The spread is such a specialized formation. Overuse can lead to its shutdown. For example, there is almost no ability to run from that empty backfield formation, except for scrambles, reverses and run like shovel passes and flares.

NEM insists that every play caller the Patriots have ever had is an idiot; Its really no different than the old days when QBs used to call plays, and the fans would jump on a QB when they didn't always work, irrespective of cause or talent level. At least today, the QBs are less criticized for that, and its great that the QBs are offloaded and no longer subject to that criticism.

A good example is last week's double reverse, and this week's reverse.

That was lambasted as poor playcalling - though the fact that one play worked and the other didn't doesn't mean it was poor playcalling. If the double reversed worked we'd be signing the OC's praises.

The reason the triple reverse didn't work was that the defense didn't bite on the first reverse last week. So when the ball went back in the original direction, all the defenders were well placed.

This week's reverse to Troy that worked so well kept it simple - and who knows - maybe the Lions saw the game tape from the Bears and chose not to commit to the reverse because they thought it might be coming back.
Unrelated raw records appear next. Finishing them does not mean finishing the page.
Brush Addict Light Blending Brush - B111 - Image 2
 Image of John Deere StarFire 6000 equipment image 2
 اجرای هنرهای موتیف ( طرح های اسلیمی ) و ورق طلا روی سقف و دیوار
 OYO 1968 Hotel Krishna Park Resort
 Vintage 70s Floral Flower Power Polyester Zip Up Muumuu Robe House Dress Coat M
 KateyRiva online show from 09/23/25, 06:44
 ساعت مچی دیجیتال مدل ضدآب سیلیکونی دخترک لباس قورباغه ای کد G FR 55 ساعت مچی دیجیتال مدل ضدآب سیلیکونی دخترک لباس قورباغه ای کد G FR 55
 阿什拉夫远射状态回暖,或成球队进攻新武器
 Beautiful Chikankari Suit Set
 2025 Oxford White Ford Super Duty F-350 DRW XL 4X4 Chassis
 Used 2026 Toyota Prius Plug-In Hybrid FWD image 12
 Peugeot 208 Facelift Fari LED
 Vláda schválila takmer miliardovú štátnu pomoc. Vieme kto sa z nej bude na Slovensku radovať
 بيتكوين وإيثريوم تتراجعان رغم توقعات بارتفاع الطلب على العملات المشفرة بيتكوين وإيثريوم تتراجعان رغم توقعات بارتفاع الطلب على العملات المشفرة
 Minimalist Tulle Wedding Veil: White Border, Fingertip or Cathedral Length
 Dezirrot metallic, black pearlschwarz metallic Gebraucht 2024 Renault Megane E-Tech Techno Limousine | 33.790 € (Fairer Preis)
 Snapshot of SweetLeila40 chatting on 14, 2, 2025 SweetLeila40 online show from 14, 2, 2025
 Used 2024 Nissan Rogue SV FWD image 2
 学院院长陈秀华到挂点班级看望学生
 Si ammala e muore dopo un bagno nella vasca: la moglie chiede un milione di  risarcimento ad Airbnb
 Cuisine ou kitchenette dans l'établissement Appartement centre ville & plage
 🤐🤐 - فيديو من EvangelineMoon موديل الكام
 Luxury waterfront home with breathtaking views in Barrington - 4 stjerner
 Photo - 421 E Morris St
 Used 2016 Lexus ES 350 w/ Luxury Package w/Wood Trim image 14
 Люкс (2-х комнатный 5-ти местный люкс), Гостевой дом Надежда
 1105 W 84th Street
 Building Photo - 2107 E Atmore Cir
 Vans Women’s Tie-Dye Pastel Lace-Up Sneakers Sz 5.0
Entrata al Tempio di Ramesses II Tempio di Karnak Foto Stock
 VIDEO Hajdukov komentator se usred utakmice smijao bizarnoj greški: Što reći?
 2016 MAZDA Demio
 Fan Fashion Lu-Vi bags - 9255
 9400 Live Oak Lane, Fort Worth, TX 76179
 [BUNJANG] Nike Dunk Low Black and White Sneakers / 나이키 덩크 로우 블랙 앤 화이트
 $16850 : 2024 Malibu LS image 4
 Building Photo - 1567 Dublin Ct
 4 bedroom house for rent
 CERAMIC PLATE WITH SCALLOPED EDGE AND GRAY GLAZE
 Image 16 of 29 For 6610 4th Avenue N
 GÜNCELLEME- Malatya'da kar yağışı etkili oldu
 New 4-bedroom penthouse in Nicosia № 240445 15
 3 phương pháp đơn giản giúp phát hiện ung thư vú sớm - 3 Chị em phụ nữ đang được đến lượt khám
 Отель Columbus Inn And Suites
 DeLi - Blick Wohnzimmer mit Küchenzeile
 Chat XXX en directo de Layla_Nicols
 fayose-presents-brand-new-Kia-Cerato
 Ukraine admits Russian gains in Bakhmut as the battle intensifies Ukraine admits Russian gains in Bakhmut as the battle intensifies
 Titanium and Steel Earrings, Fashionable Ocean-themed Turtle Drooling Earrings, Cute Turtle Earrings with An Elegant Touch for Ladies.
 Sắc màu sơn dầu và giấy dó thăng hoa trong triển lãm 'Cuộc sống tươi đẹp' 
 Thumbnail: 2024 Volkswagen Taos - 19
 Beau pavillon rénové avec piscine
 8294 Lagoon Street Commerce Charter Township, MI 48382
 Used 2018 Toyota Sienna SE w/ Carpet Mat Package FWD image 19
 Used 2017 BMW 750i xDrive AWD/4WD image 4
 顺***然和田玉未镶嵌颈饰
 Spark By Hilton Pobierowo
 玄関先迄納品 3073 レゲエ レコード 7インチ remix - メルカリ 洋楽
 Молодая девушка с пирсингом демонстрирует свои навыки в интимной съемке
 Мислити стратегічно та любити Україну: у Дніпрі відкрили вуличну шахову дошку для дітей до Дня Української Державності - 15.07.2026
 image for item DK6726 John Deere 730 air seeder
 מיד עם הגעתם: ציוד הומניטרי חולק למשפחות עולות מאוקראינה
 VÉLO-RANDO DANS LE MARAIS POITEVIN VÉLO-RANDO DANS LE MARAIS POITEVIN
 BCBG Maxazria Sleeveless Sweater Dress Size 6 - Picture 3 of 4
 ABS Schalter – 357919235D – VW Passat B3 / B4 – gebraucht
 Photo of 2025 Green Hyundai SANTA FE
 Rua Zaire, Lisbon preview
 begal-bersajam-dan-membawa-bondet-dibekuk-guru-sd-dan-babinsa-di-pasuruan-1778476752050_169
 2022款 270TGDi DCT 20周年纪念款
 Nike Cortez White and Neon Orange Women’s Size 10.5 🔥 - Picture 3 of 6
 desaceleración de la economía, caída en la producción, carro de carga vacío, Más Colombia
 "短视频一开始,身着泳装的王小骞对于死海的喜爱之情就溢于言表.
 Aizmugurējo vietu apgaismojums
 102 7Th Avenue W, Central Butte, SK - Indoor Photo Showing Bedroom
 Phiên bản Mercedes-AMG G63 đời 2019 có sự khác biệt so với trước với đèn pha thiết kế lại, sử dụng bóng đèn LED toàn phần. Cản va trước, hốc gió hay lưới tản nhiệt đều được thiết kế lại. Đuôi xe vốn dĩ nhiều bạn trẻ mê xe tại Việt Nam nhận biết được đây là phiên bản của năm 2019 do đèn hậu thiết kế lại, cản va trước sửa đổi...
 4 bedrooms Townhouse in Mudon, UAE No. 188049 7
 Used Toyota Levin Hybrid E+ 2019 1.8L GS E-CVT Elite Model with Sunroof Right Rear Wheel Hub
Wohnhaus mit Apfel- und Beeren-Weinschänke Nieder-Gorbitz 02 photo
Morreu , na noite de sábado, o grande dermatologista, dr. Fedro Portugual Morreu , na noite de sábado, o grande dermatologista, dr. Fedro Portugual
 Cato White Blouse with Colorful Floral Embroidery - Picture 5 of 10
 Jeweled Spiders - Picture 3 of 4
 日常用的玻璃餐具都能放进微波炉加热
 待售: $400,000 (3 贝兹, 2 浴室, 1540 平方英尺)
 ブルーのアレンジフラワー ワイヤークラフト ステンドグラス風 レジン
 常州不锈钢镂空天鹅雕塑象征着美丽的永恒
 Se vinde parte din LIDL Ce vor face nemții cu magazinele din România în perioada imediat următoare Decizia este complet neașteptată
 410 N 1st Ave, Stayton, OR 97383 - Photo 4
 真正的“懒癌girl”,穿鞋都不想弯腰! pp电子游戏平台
In that respect, giving up even a bunch of yards in a rare attempted double reverse can pay dividends, in sowing seeds of doubt and confusion as to where the ball might be going - and might have done just that yesterday.
 
I think the tough pill to swallow was how badly a weak Dolphins offense chewed up Detroit onTurkey day and then we go in and stink up the joint. This thread shouldbe renamed The Season the offense fumbled games away. I dont see the blame on McDaniels here even though I think he is sub par OC over all.

It should be renamed the Day the Defense died and how lame hobbs is and how much we lack without Junior in there stuffing the run.
 
You hit that nail right on the head, in fact, Iposted comments like those over on the Lions message board.

Martz was the one name I brought up after Weis left to go to ND.

People may not like him, and he sucks as a head coach, but he knows how to find weaknesses in team's defense and exploit them...and when he finds something that works, he keeps using it until the opposition figures out how to stop it. McDaniels does not.

I agree. It seems the Pats can only on occassion find weak spots in a defense and exploit them. They did it big time in the vikings game. They've done it off and on. and when they're rolling in the spread formation they decide to go power run with double tight end and it nets very little. save those plays for 3 and 1, not 1st and 10 or 2nd and 10. save them for the goal line.

they have a huge fixation with the double tight end set and seem to stubborn in making themselves into a power running team. they are not a power running team.

they need to acknowledge and admit the offense is so much better in the spread formation with single back set.
 
the sad thing is they could be stuck with mcdaniels for 3 or mroe years and he could single handedly sabotage playoff runs with his playcalling. if he was a player he would be limited with his involvment in plays, benched, or cut.